I have trained a multilabel/multiclass model using pretrained resnet34 weights, using data with 28 classes. I would now like to use the weights of this model, minus the head, to train a BINARY classifier using the same data but with only one of the labels. The new classifier uses the exact same input images and the model will need only small changes, all in and near the head.

Lesson 9 gave me the ability to drop a new custom head into the resnet34 pretrained model. But it involves a call:

    ConvLearner.pretrained(f_model, md, custom_head=head_reg4)

which requires a standard argument (e.g. resnet34 function, which is in the meta table) in the first argument (I think), and not, for example, simply a path to my transfer-trained model.

So I do not know how to change the head on the model I have trained (it was saved in a prior run and I will read it in using, I guess, learner.load()).

One possible way is to:

  1. create a new model with the new custom head and original resnet34 weights
  2. read in the model that I trained and copy its weights into the new model

Step 1 is easy. What is the best way to accomplish step 2?
Am I thinking about this the right way?
Finally: is there documentation that would answer this question?

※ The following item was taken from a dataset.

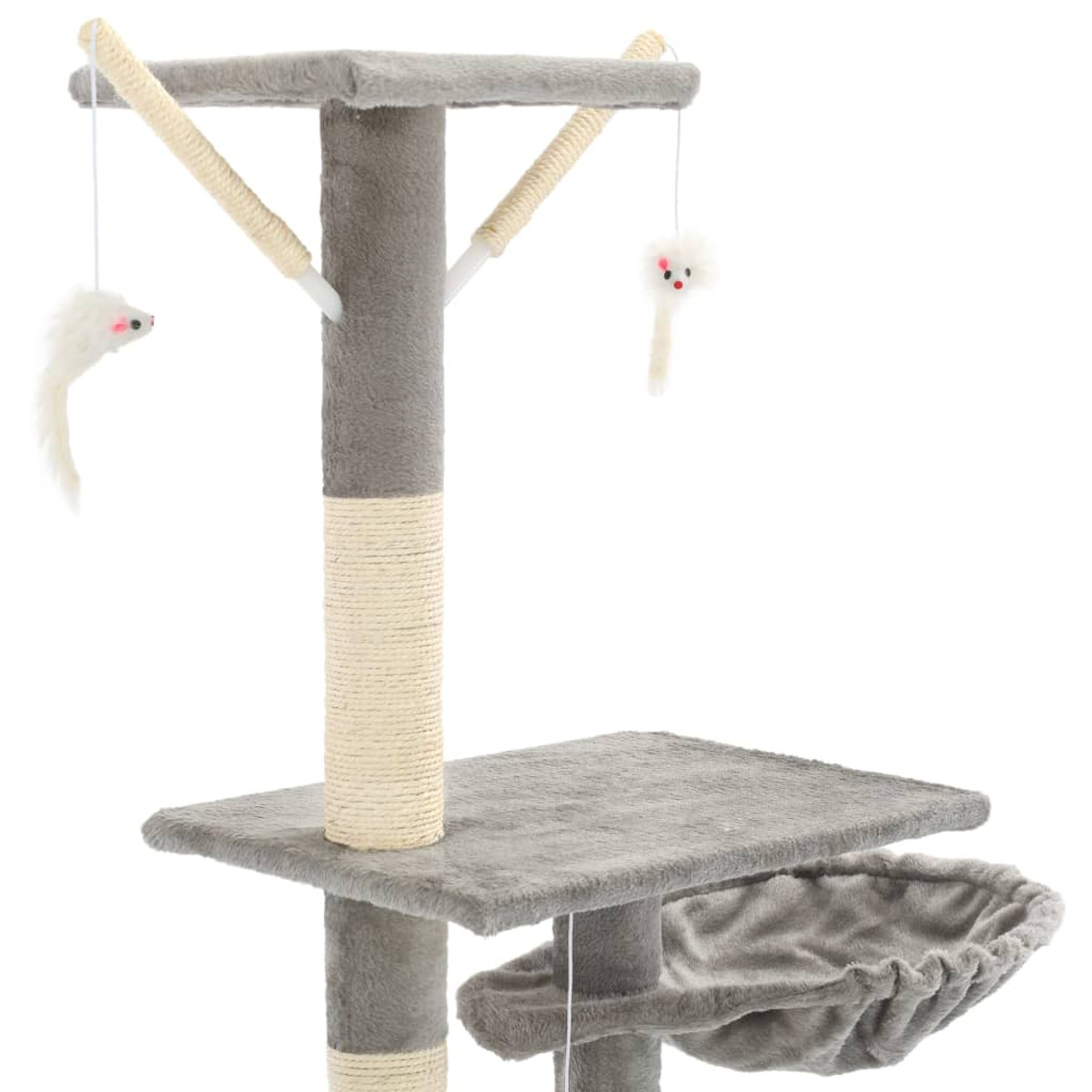 Katzenbaum mit hängendem Spielzeug. Graue Plattformen und ein Korb. Seilumwickelte Pfosten.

I would also love some help with this.

You have to dig a bit into the code base for this. The model created by create_cnn is a sequential model with two things: the body and the head. If you want to keep the pretrained body, you’d find it in model[0], the head is model[1].

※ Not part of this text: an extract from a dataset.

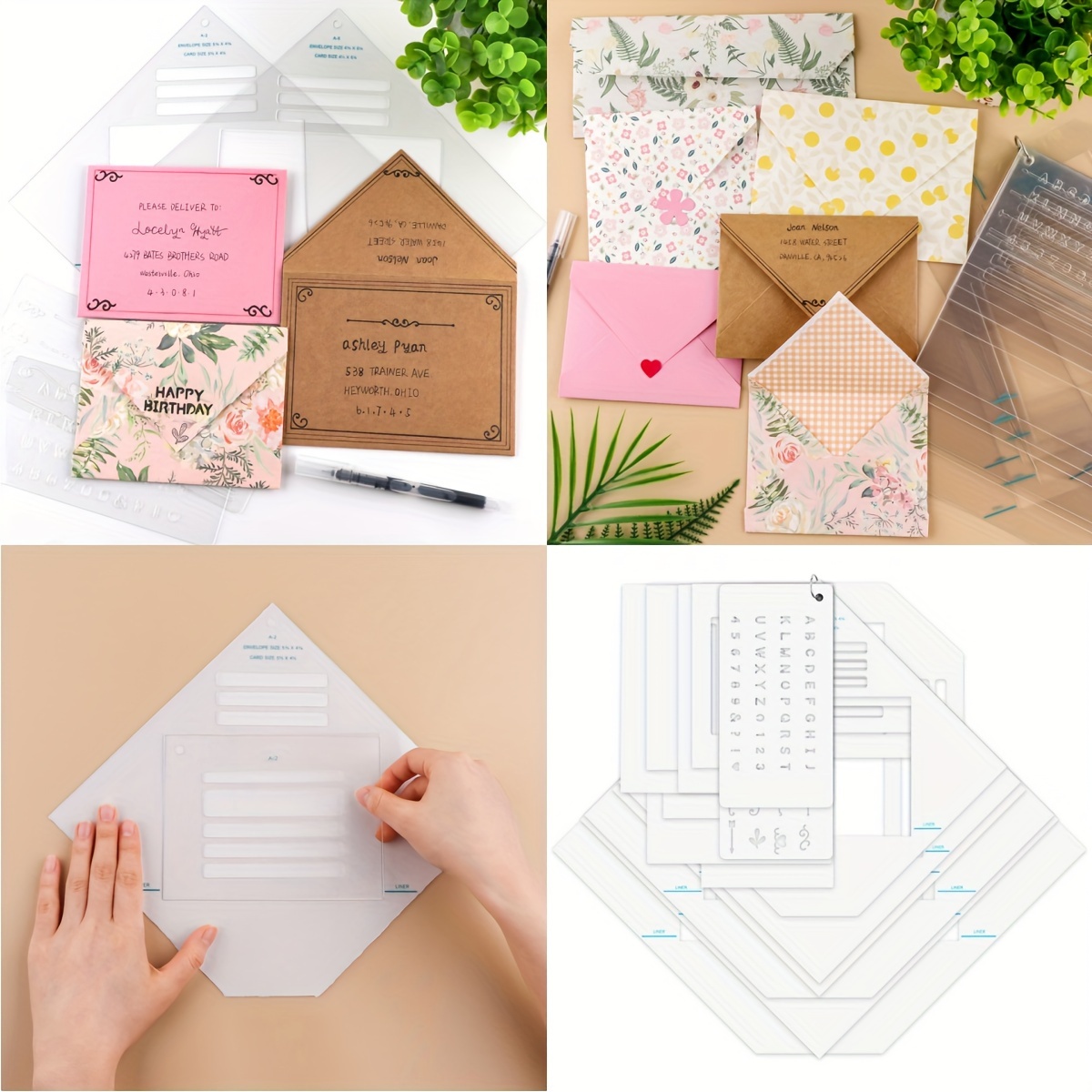 

16pcs Envelope Template Set With Key Ring - Diy Tear-off Envelope Making Kit For Wedding, Birthday, Graduation - Durable Crafting Guide For Unique And Personalized Envelopes - Easy-to-use Closure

If you want a new CNN with less classes, you can create your new model with learn1 = create_cnn(data1,...) then load the weights from the previous head into the new one with

learn1.model[0].load_state_dict(learn.model[0].state_dict())
4 Likes

Thanks for this response - it is exactly what I was looking for.

I have a question on a detail, though. If I print learn1.model[0], I get back the very first (attached to input) layer. model[1] gives the next (sequential block) layer. Layers 8, 9, 10, 11, 12, 13 give the adaptiveConcatPool plus what I would call the head: flatten, bn, dropout, linear, FC, relu.

So I think I need to do:
learn1.model[:9].load_state_dict(learn.model[:9].state_dict())

Would you agree with this?

Oh, I didn’t remember they were joined like this, but in this case, yes.

OK thanks for your help. I believe that this is working properly now.

Are you working on HPA comp?

I was but I just made my last submission. I thought it was a good competition - learned a lot - though the statistics were a little flawed. Be very interesting to see the private LB!

How about you?

Yea me to, finally I should have chosen better final submissions…
Do you want to team up in another comp? Maybe whale challenge or the seismic challenge?

I haven’t looked at these - I’m going on vacation for a while but afterwards I’ll take a look.

So I don’t need to use create head if doing a pre-train, and this way is better?

If you look at the source, create_cnn calls create_head.